++++ Dataset extract ++++

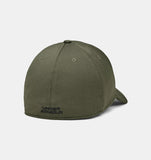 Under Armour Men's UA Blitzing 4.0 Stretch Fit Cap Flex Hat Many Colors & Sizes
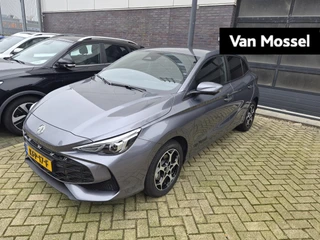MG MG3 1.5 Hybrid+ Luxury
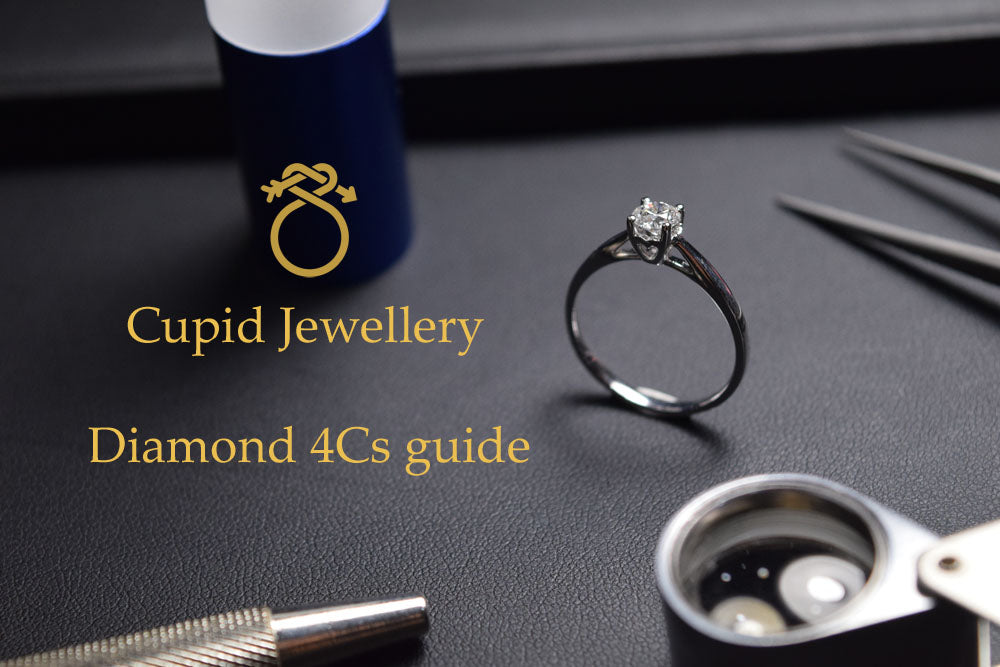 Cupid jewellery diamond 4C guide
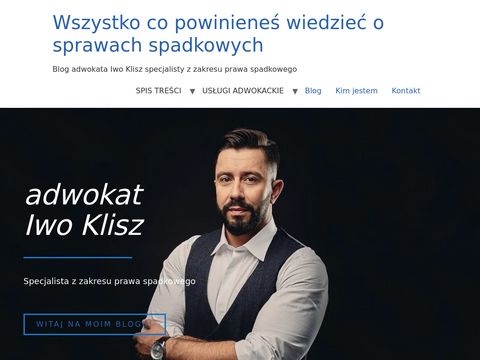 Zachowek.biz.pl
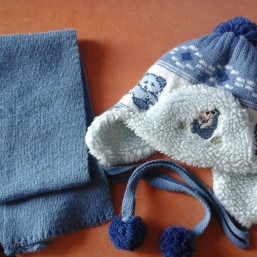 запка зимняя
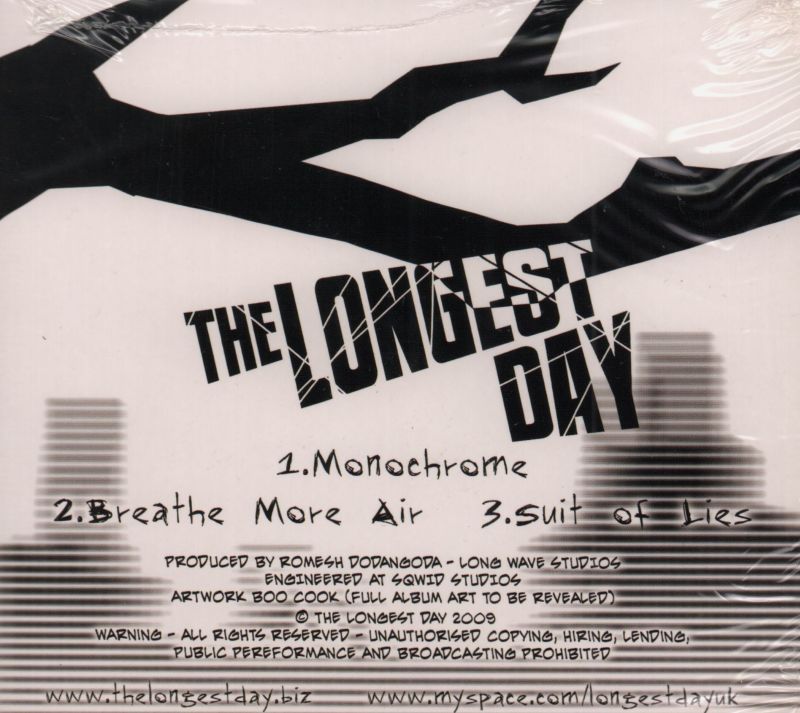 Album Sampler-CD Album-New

++++

Problem to solve: The answer should be the records above, unchanged, with the pictures omitted.

Answer to this task:
 Under Armour Men's UA Blitzing 4.0 Stretch Fit Cap Flex Hat Many Colors & Sizes
MG MG3 1.5 Hybrid+ Luxury
 Cupid jewellery diamond 4C guide
 Zachowek.biz.pl
 запка зимняя
 Album Sampler-CD Album-New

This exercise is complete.